Context-Sensitive Grammar: Extracting the Structure

In the previous chapter we created a parser to extract a list of JavaScript strings from an HTML source. Now we extend the parser to extract an HTML structure as well.

Matching Open And Close Tags

Elements of HTML has an interesting property: the name of an opening tag has to match the name of a closing tag. Natural for humans, but challenging for parsers.

PetitParser2 comes with a special syntax to express constrains of matching open and close tags. It can store a result of a rule (e.g. opening an html tag) onto a stack using the push operator and assert that a result of a rule (e.g. closing an html tag) matches the top of the stack using the match operator.

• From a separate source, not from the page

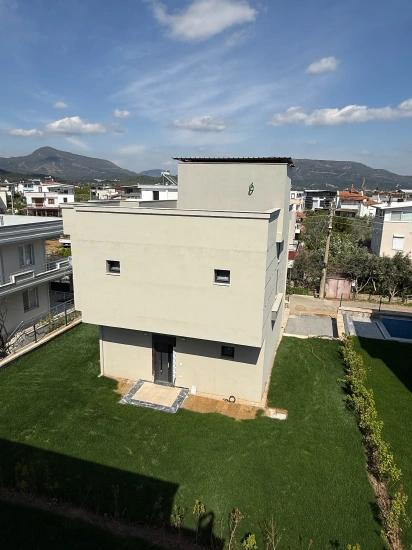 3+1 Duplex-sommerhaus Mit Pool In Seferihisar Doğanbey
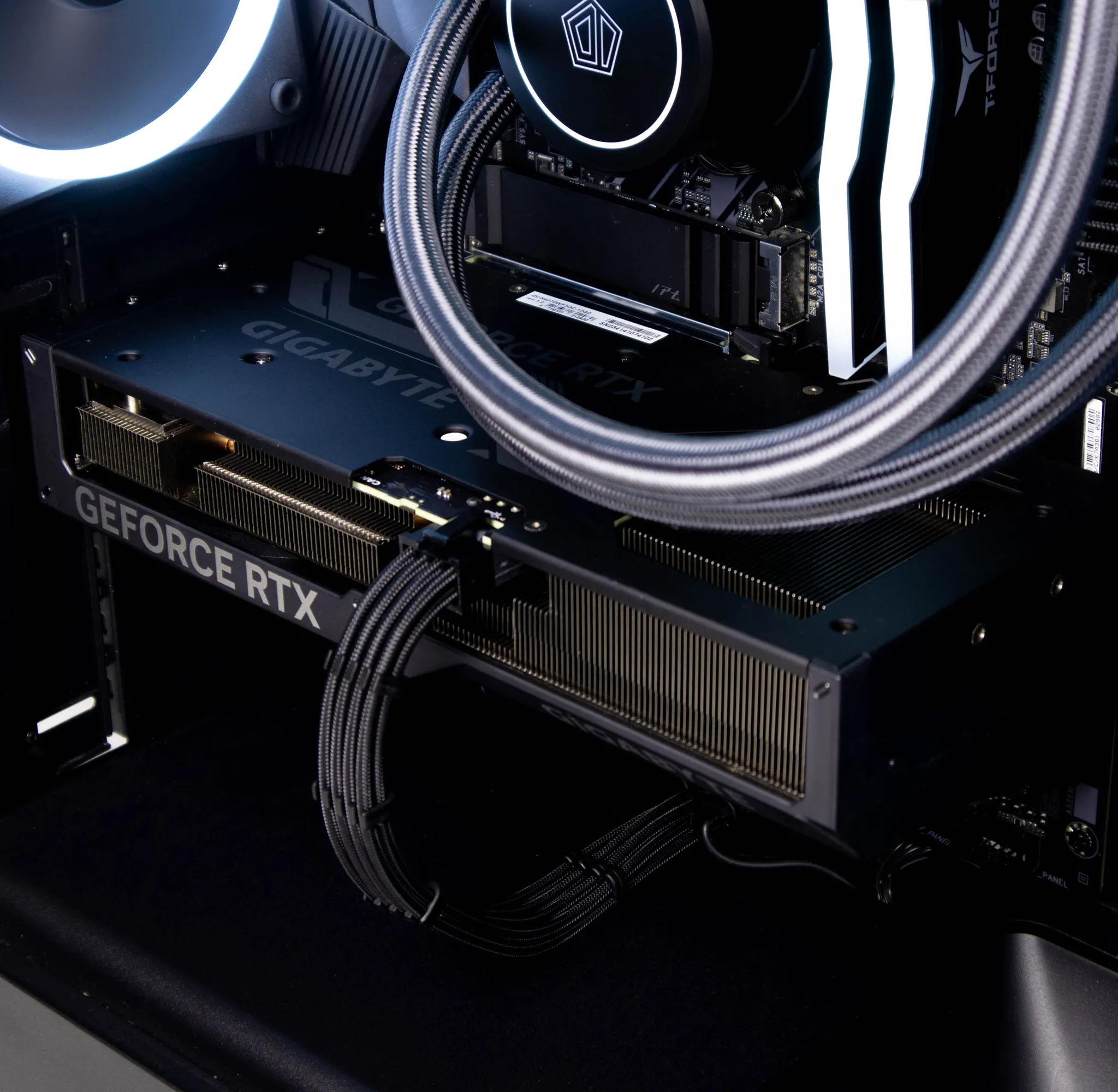 ~Flow~ (RTX 4070 | Ryzen 7 5800X | 32gb RAM)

First define an element name as a repetition of letters and digits:

WebGrammar>>elementName
  ^ #word asPParser plus flatten

Than define an element as a sequence of elOpen, elContent and elClose:

WebGrammar>>element
  ^ (elOpen, elContent, elClose)

In elOpen, we push the element name as well as we possible arguments as a water:

WebGrammar>>elOpen
  ^ $< asPParser, elementName push, any starLazy, $> asPParser 
    ==> #second

In elClose, we first match the element name against the top of a stack and we pop the stack:

WebGrammar>>elClose
  ^ '</' asPParser, elementName match pop, $> asPParser

Element Content

elContent is a zero or more repetitions of the following elements (in the given order):

1. a javascript code;
2. another element; or
3. an unknown text.

Note:

Javascript is on the first position because it is kind of element and therefore must be ordered before an element rule. The same holds for the element rule, it is also kind of text.

WebGrammar>>elContent
  ^ (javascript / element / text nonEpsilon) star

Text can be anything. Therefore, we define it as with the help of bounded seas, concretely using the starLazy operator:

WebGrammar>>text
  ^ #any starLazy

Note:

Epsilon in Repetitions

Note, we mark the text rule with nonEpsilon. The nonEpsilon operator is an extension of PEGs that forbids epsilon parses (in other words if the underlying parser does not consume any input, it fails). The reason for this is that #any asPParser starLazy can consume anything, even the empty string, because the starLazy operator allows for zero repetitions.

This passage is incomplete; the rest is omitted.